WHAT YOU HAVE TO DO: Begin at the line that has "Зеркальный фотоаппарат canon 600 D", stop after the line that has "En Venta: $265,000", and print exactly those lines from the records below, without any pictures.

DATA EXTRACTS:
┌──
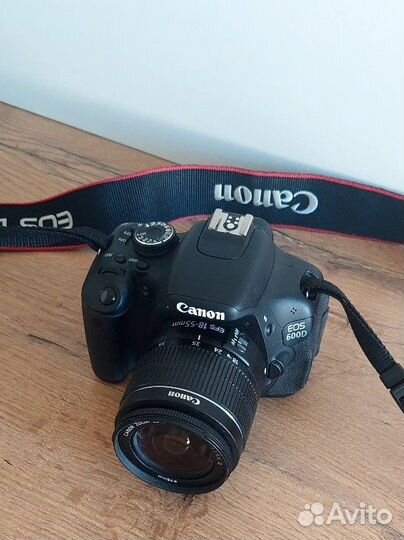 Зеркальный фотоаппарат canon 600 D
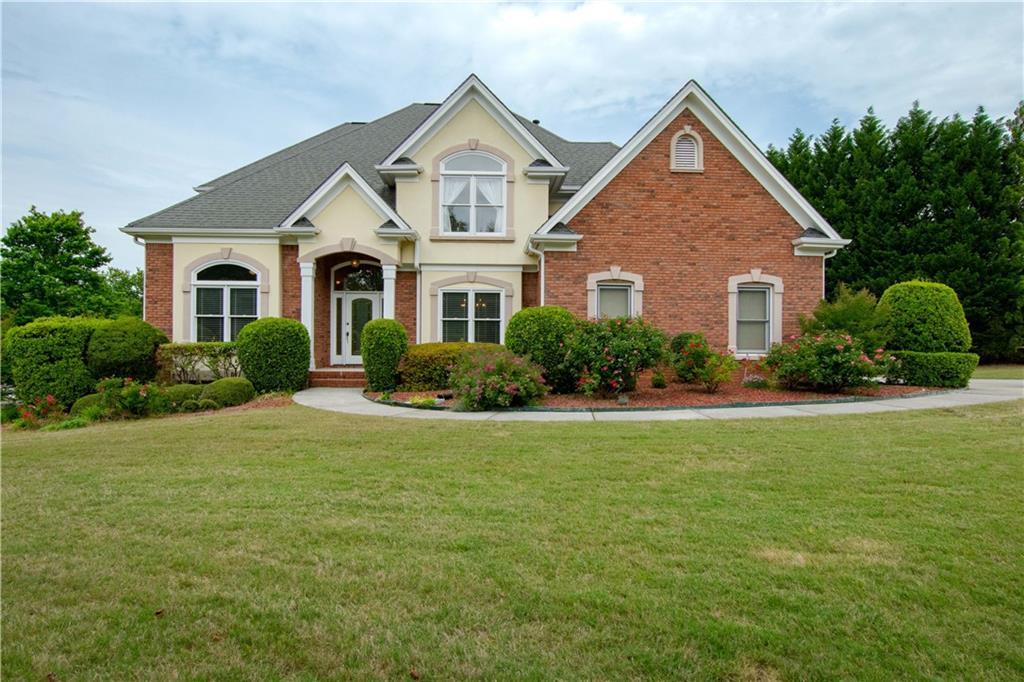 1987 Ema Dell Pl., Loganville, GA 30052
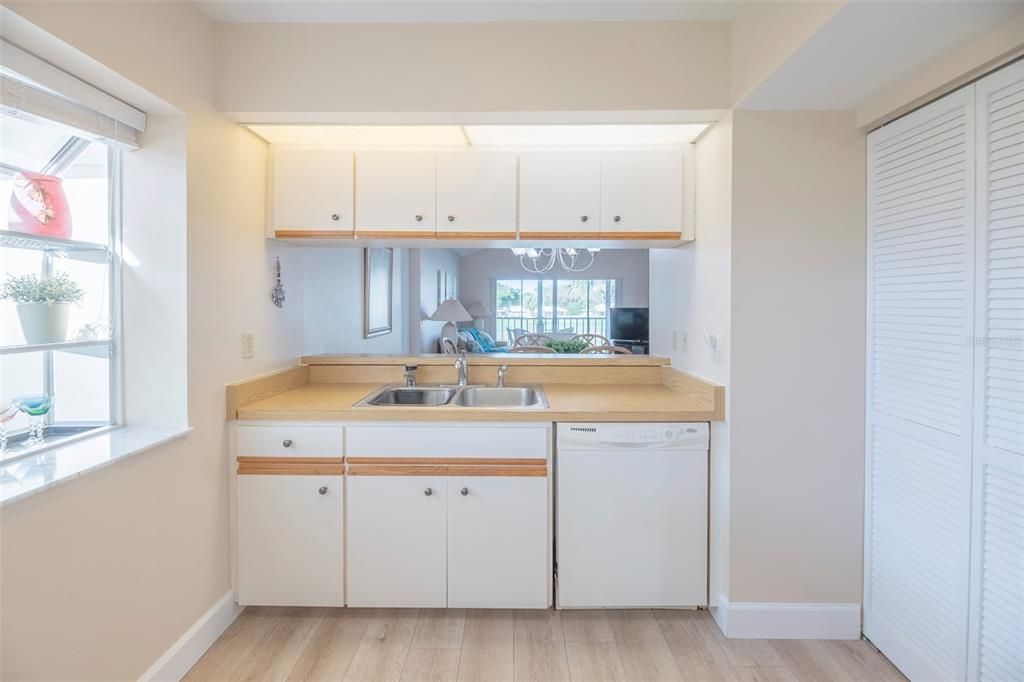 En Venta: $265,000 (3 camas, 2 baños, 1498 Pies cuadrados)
└──
┌──
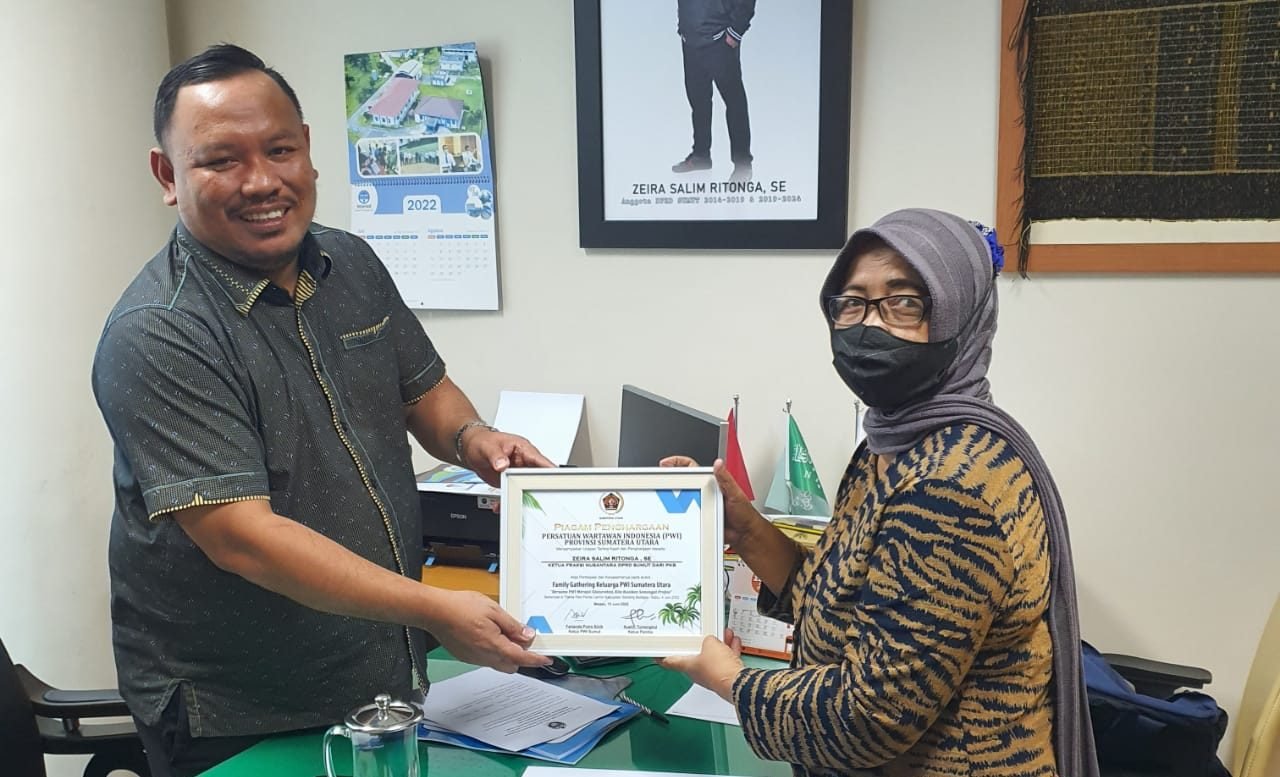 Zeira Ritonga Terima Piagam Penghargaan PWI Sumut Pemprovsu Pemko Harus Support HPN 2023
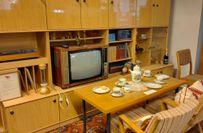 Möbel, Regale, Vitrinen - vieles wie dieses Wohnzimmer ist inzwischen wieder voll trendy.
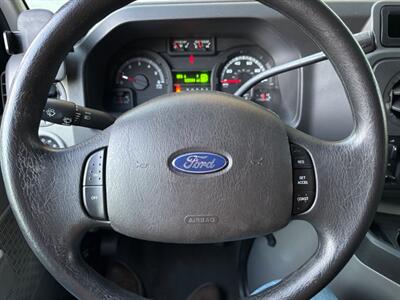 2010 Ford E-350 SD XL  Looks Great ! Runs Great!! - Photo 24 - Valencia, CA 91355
└──
SOLUTION FOR THIS PROBLEM:
 Зеркальный фотоаппарат canon 600 D
 1987 Ema Dell Pl., Loganville, GA 30052
 En Venta: $265,000 (3 camas, 2 baños, 1498 Pies cuadrados)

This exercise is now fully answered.